A Wing-Back chair is designed to reflect back heat from the fire to keep the sitter warm. This chair is in a hallway – a warm hallway at that – leading to individual apartments. It really has no purpose except to make the hallway seem more homely*.

No one is going to sit on it on the way out – because his or her mind will be on the destination to which they are heading. And no one is going to sit on it when they return, because his or her own apartment is calling.

I think of it as a chair of emotional upset.

When someone has just opened a letter and received terrible news, or has just had a conversation with a visitor to the main door that has left him or her cold with dread, then they might sink back down into it in deep reflection.

I tried to think of it as a chair of happy stupefaction, as when someone opens a letter to discover they have won a million pounds, but I just can’t see it.

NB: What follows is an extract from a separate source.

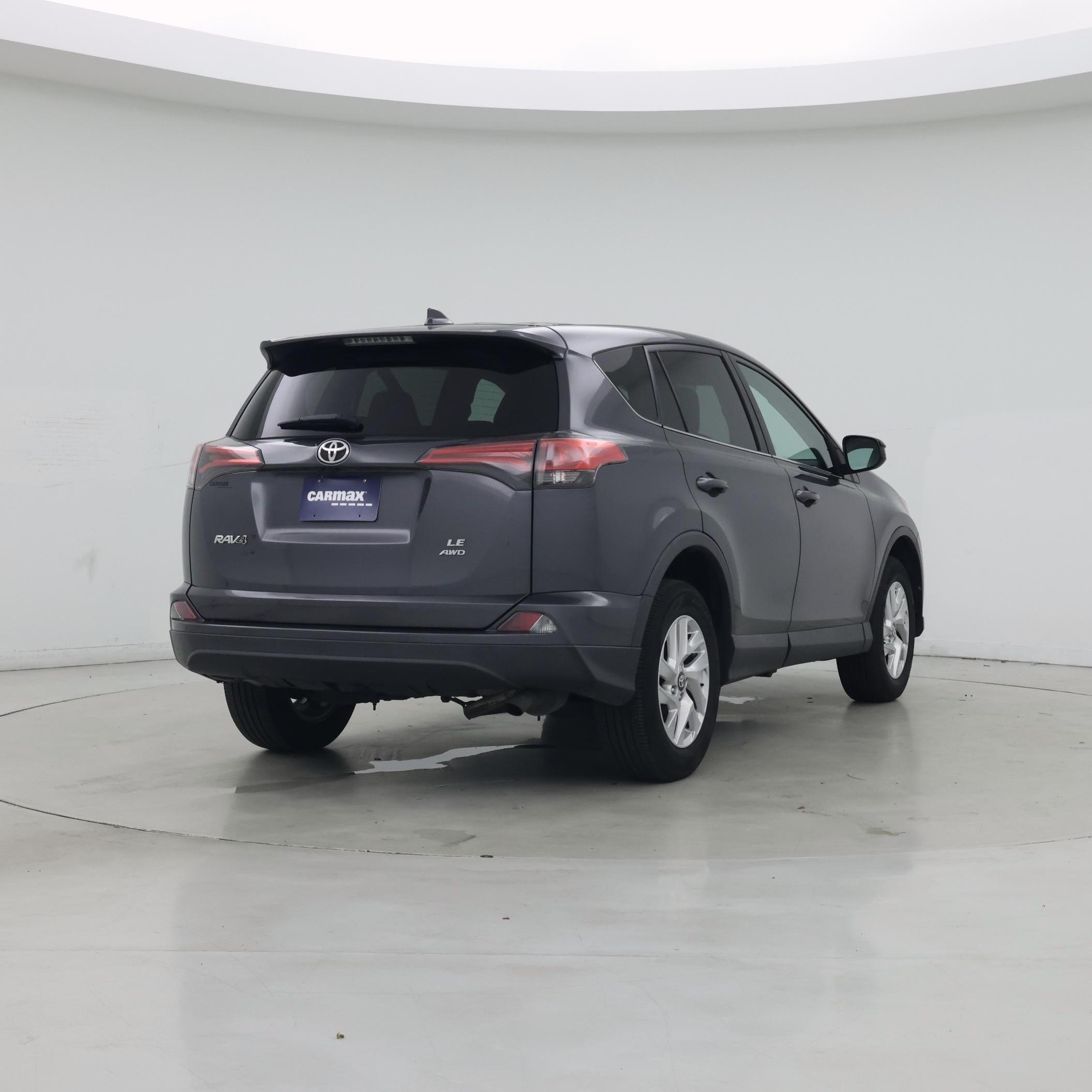 Thumbnail: 2018 Toyota RAV4 - 8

They might sit down dazed for a second, but then they would be bounding up the stairs to tell someone.

So for me it is a chair of poignant times, such as happens in the film Clear And Present Danger.

Clear And Present Danger

I love a good adventure film that has an intelligent narrative. Clear And Present Danger with Harrison Ford as a US intelligence agent is the story of drug cartels in Colombia and complicity in vengeance at the highest levels of the US government.

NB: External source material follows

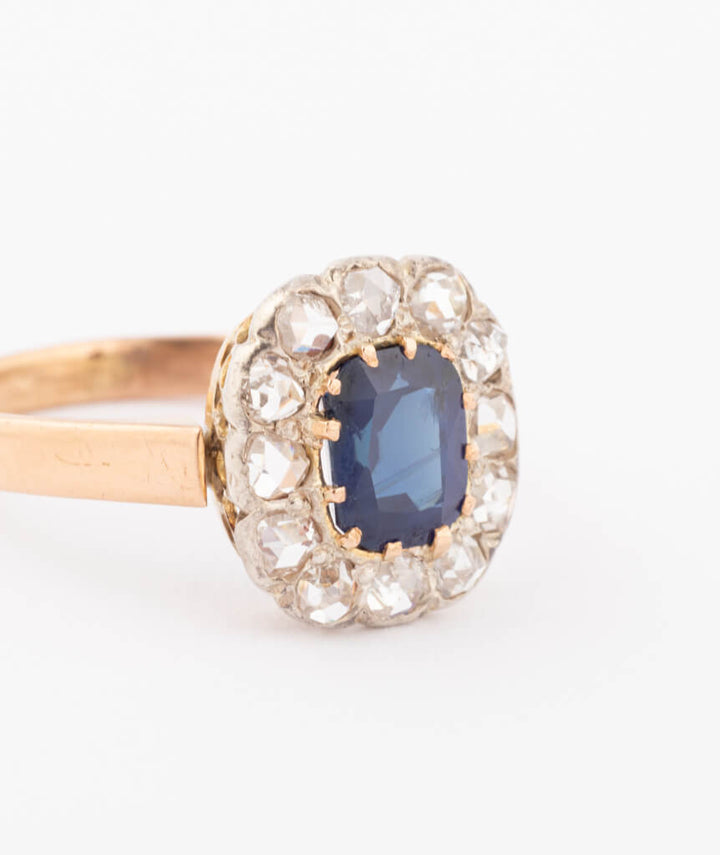 Caillou Paris Bague Marguerite Ancienne Saphir %22arka%22 Gros Plan 2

But for all the adventure, there is one short scene near the end of the film that I find very moving.

Harrison Ford has just had a showdown with the President. He is on his way to bring everything out into the open and he is met in the corridor by the National Security Advisor who was up to his neck in the illegal goings on.

The National Security Advisor asks to have a word, and Ford says he does not want to have a word, and walks on.

And the National Security Advisor walks dazedly a few steps and then sits down heavily and wearily in a chair in the corridor.

Now in the setting (a corridor in the White House) it is kind of obvious that no one ever sits in that chair. They are too busy going to see the President or on some other important business.

The chair is just a decoration – except on this occasion.

I have always thought it is a masterful moment and wonder whether it is in the book from which the film was made, or whether it was the director’s idea, or the actor’s idea, or someone else’s.

*Homely is British English and the equivalent of the American English word homey. With thanks to Teresa Silverthorn for mentioning this 🙂

4 replies on “A Clear And Present Armchair”

Every time I see a Brit use the term “homely” – I smile.

In US it is a negative term. “Homely” means kind of unattractive, like a homeless person – or someone who hasn’t bathed.

We say “Homey” to describe a comfortable spot.